*The data*
Segment Open

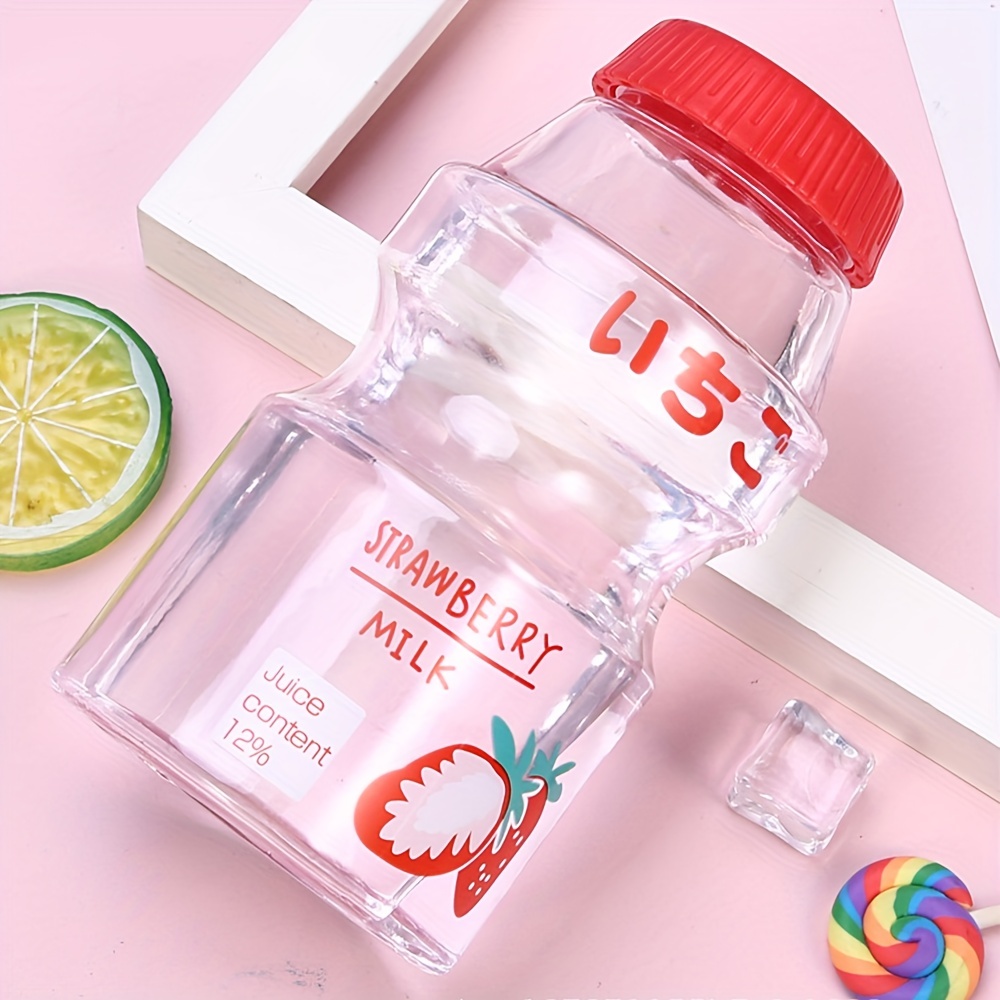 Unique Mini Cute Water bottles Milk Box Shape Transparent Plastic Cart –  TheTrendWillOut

Segment Closed
Segment Open

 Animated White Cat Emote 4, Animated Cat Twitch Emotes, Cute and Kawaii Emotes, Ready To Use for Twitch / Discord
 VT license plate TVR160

Segment Closed

*Exercise objective*
In the records above, the line with "Animated White Cat" marks the start and the line with "VT license plate TVR160" marks the end; copy that stretch exactly, both lines included, and nothing else.

*Answer area*
 Animated White Cat Emote 4, Animated Cat Twitch Emotes, Cute and Kawaii Emotes, Ready To Use for Twitch / Discord
 VT license plate TVR160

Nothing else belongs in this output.